Somut uyuşmazlıkta, davacının iş akdi geçerli nedenle feshedilmekle birlikte yazılı bir fesih bildirimi bulunmadığından yapılan feshin geçersiz olduğu anlaşılmakla davanın kabulü yerine reddine karar vermek hatalı olup bozmayı gerektirmiştir.
4857 sayılı İş Yasasının 20/3 maddesi uyarınca Dairemizce aşağıdaki şekilde karar verilmiştir.
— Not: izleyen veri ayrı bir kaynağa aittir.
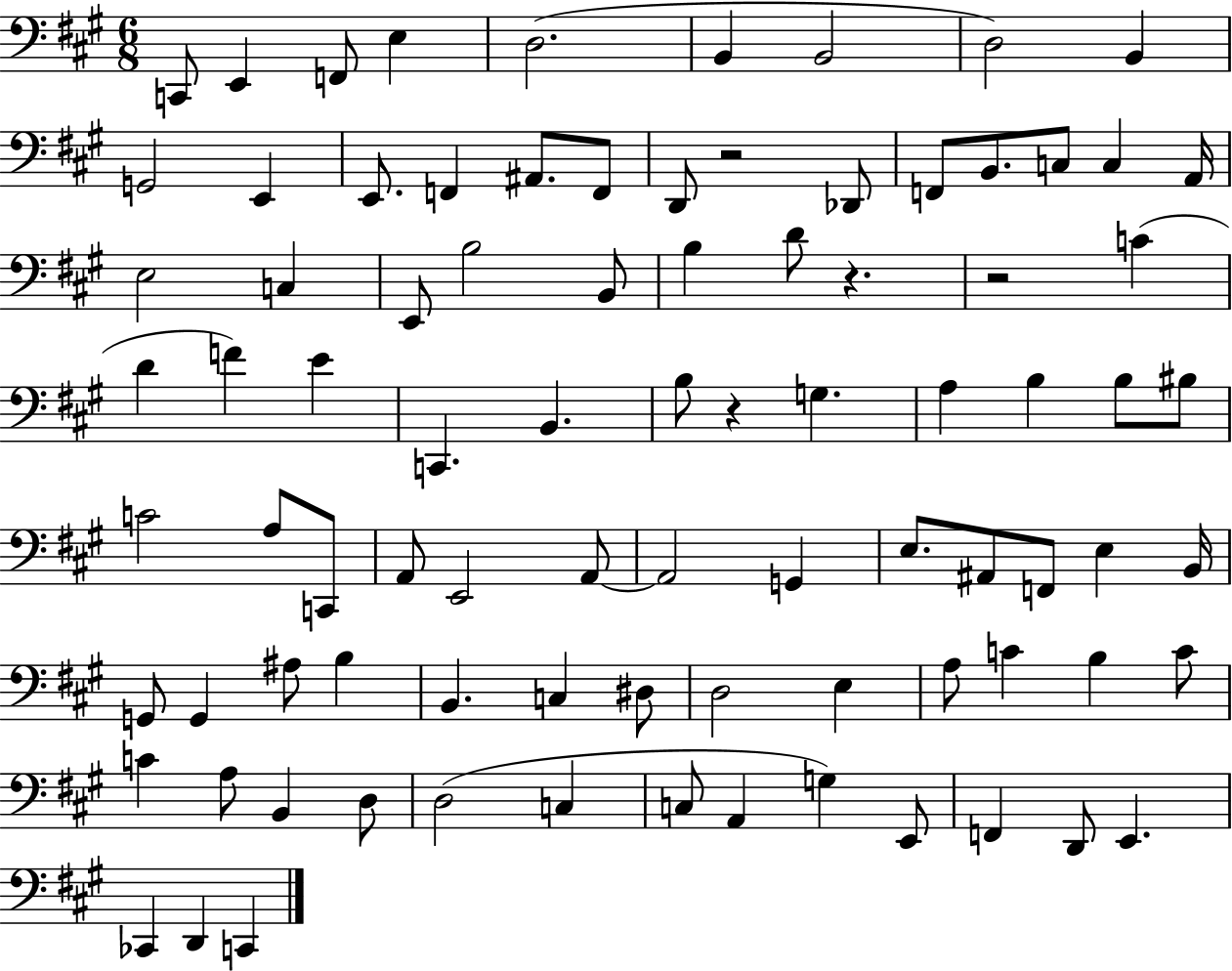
C2/e E2/q F2/e E3/q D3/h. B2/q B2/h D3/h B2/q G2/h E2/q E2/e. F2/q A#2/e. F2/e D2/e R/h Db2/e F2/e B2/e. C3/e C3/q A2/s E3/h C3/q E2/e B3/h B2/e B3/q D4/e R/q. R/h C4/q D4/q F4/q E4/q C2/q. B2/q. B3/e R/q G3/q. A3/q B3/q B3/e BIS3/e C4/h A3/e C2/e A2/e E2/h A2/e A2/h G2/q E3/e. A#2/e F2/e E3/q B2/s G2/e G2/q A#3/e B3/q B2/q. C3/q D#3/e D3/h E3/q A3/e C4/q B3/q C4/e C4/q A3/e B2/q D3/e D3/h C3/q C3/e A2/q G3/q E2/e F2/q D2/e E2/q. CES2/q D2/q C2/q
SONUÇ: Yukarıda belirtilen sebeplerle;
1-Mahkemenin yukarıda tarih ve sayısı belirtilen kararının BOZULARAK ORTADAN KALDIRILMASINA,
2-İşverence yapılan FESHİN GEÇERSİZLİĞİNE, davacının davalı ... Organizasyon Reklamcılık Rehberlik İnşaat Taahhüt Ticaret ve Sanayi Limited Şirketi nezdinde İŞİNE İADESİNE,
3-Davacının kanunî sürede işe başvurmasına rağmen, işverenin süresi içinde işe başlatmaması halinde davalıların müştereken ve müteselsilen sorumlu olmaları kaydı ile ödenmesi gereken tazminat miktarının işçinin 4 aylık ücreti olarak belirlenmesine,
4-Davacının işe iade için işverene süresi içinde başvurması halinde hak kazanılacak olan ve kararın kesinleşmesine kadar doğmuş bulunan en çok dört aylık ücret ve diğer haklarının davalılar tarafından müştereken ve müteselsilen davacıya ödenmesi gerektiğinin belirlenmesine,
5- Alınması gereken 35,90 TL. karar harcından davacının yatırdığı 31,40 TL. peşin harcın mahsubu ile 4,50 TL. bakiye karar harcının davalıdan tahsili ile hazineye irat kaydına,
6-Davacı vekille temsil edildiğinden, karar tarihinde yürürlükte olan tarifeye göre 2.180.-TL vekâlet ücretinin davalılardan müştereken ve müteselsilen alınıp davacıya verilmesine,
7-Davacı tarafından yapılan 249,50 TL yargılama giderinin davalılardan müştereken ve müteselsilen alınıp davacıya verilmesine, davalıların yaptığı yargılama giderinin üzerinde bırakılmasına,
8. Peşin alınan temyiz harcının isteği halinde davalıya iadesine,
Kesin olarak 21.02.2018 gününde oybirliği ile karar verildi.